(Stored dataset items)
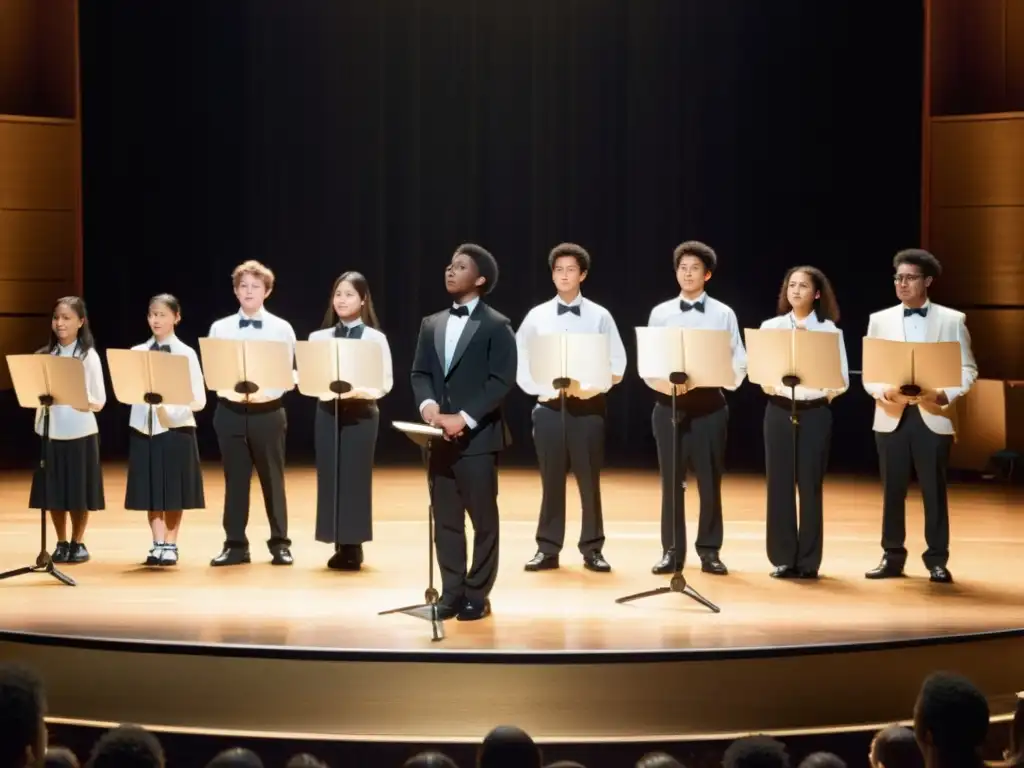 Estudiantes de orquesta escolar en escenario, tocando con intensidad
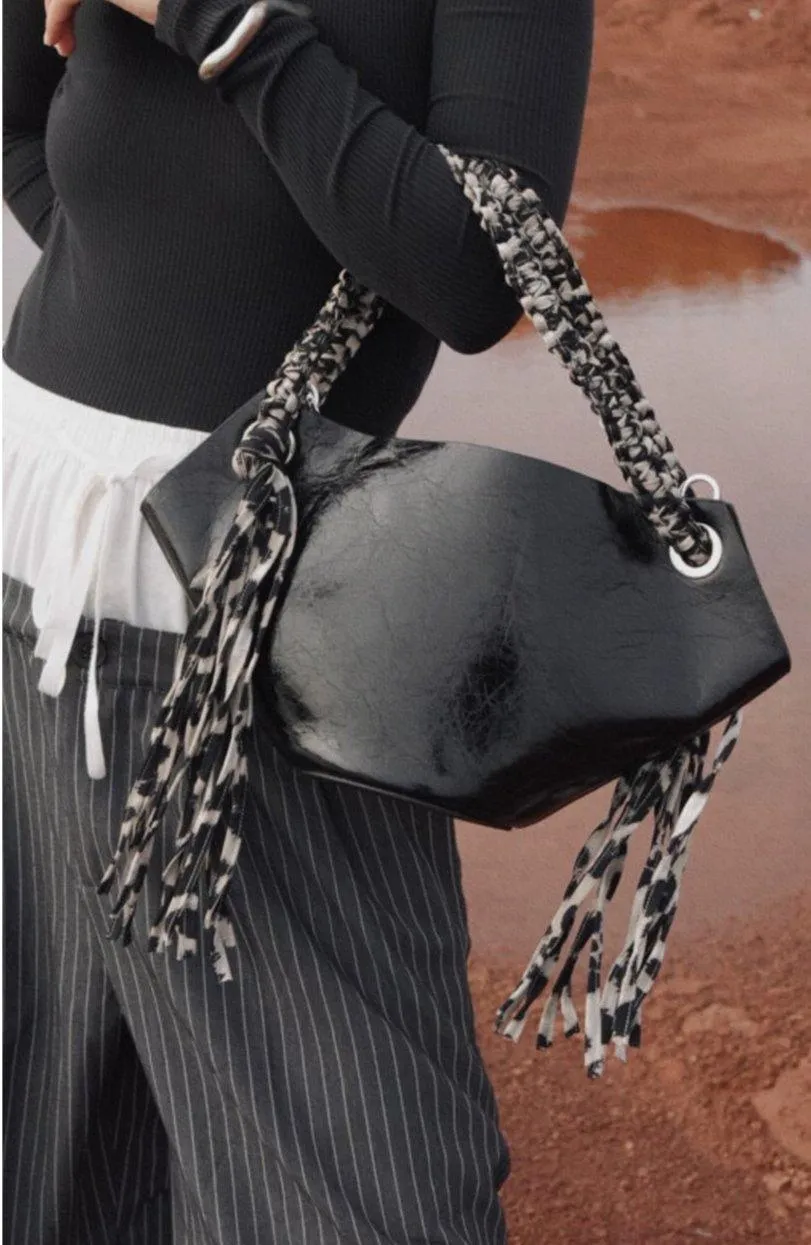 Unique Design Genuine Leather Large Tote Bucket Bag for Women | Suede Leather Autumn Tassel Bucket Bag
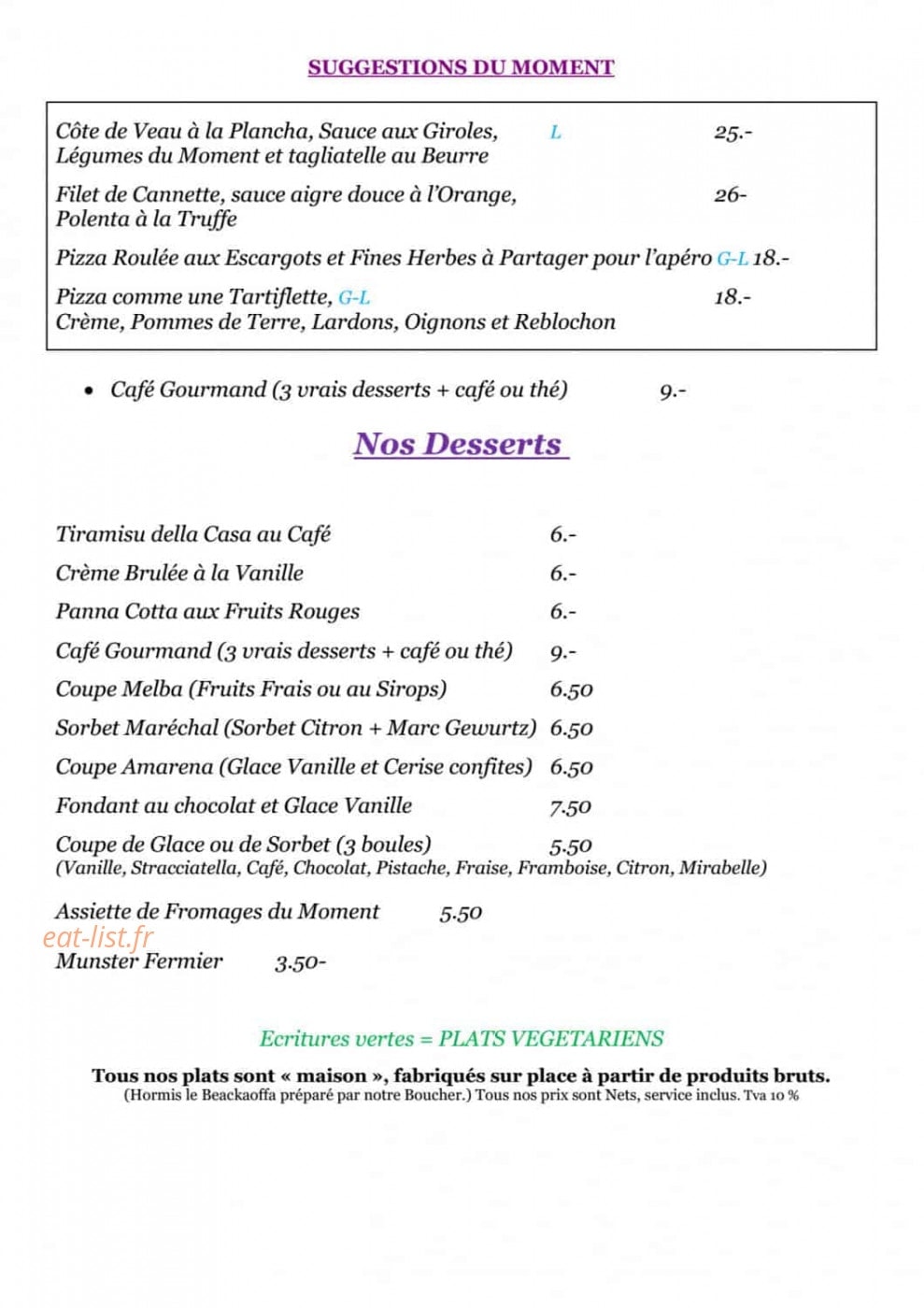 Restaurant de l'ange — carte page 3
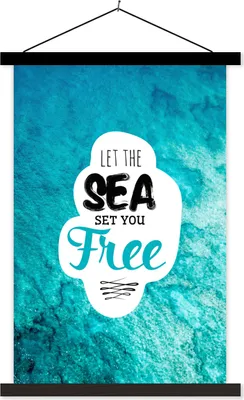 Produktbild von MuchoWow® Textilposter Sommer - Zitate - Meer 120x180 cm mit schwarzem Rahmen - Fotos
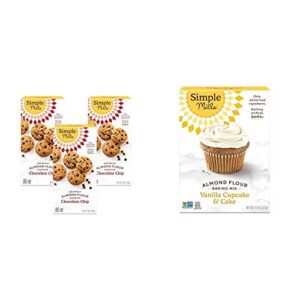 simple mills almond flour chocolate chip cookies, gluten free and delicious crunchy cookies, organic coconut oil, 3 count (packaging may vary) & almond flour baking mix, gluten free vanilla cake mix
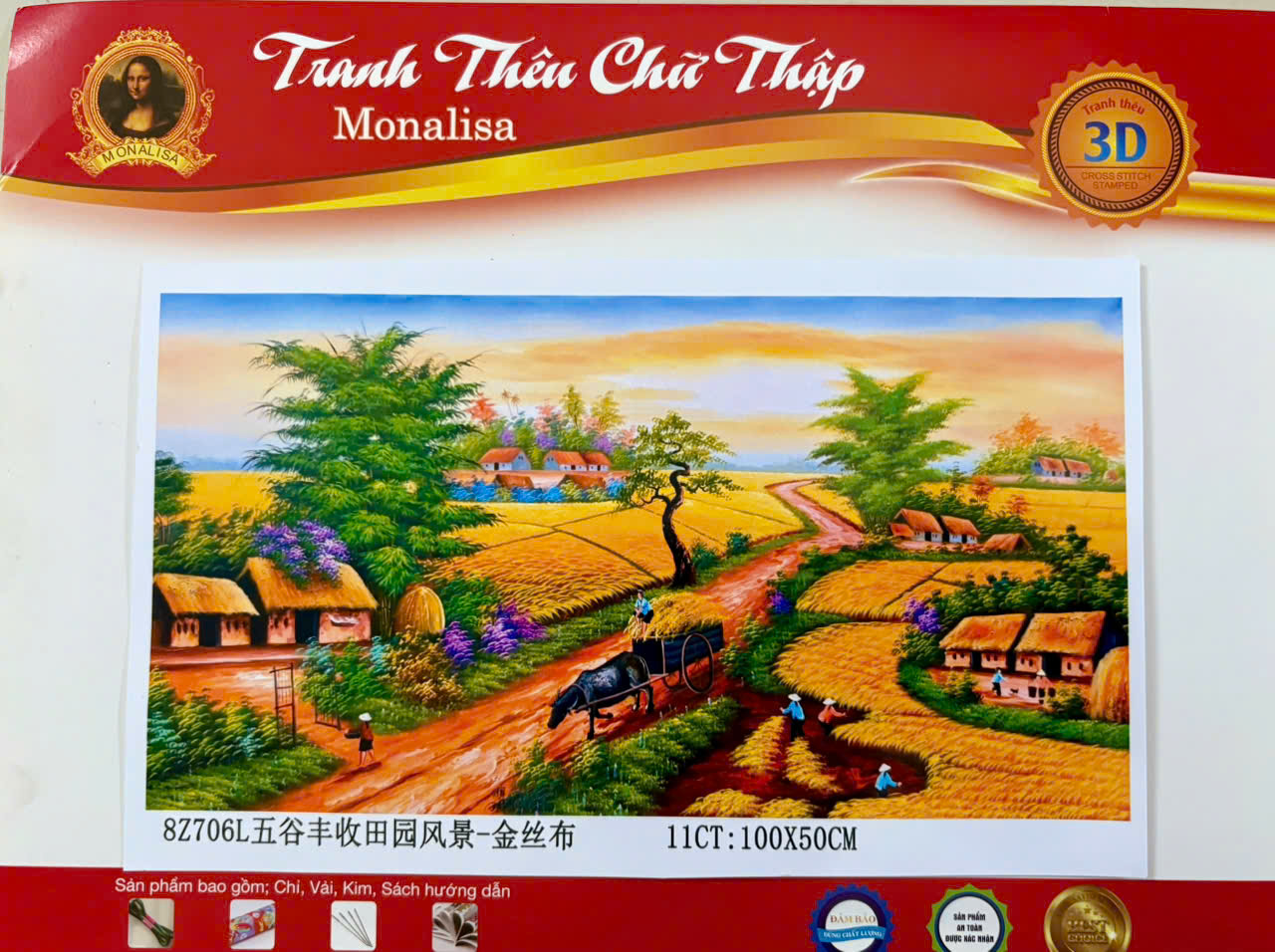 Tranh thêu chữ thập Quê hương mùa lúa chín 8Z706L, kích thước 100 x 50 cm, thêu kín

[Task requirements]
Restate each entry exactly, omitting pictures.

[Completed task]
 Estudiantes de orquesta escolar en escenario, tocando con intensidad
 Unique Design Genuine Leather Large Tote Bucket Bag for Women | Suede Leather Autumn Tassel Bucket Bag
 Restaurant de l'ange — carte page 3
 Produktbild von MuchoWow® Textilposter Sommer - Zitate - Meer 120x180 cm mit schwarzem Rahmen - Fotos
 simple mills almond flour chocolate chip cookies, gluten free and delicious crunchy cookies, organic coconut oil, 3 count (packaging may vary) & almond flour baking mix, gluten free vanilla cake mix
 Tranh thêu chữ thập Quê hương mùa lúa chín 8Z706L, kích thước 100 x 50 cm, thêu kín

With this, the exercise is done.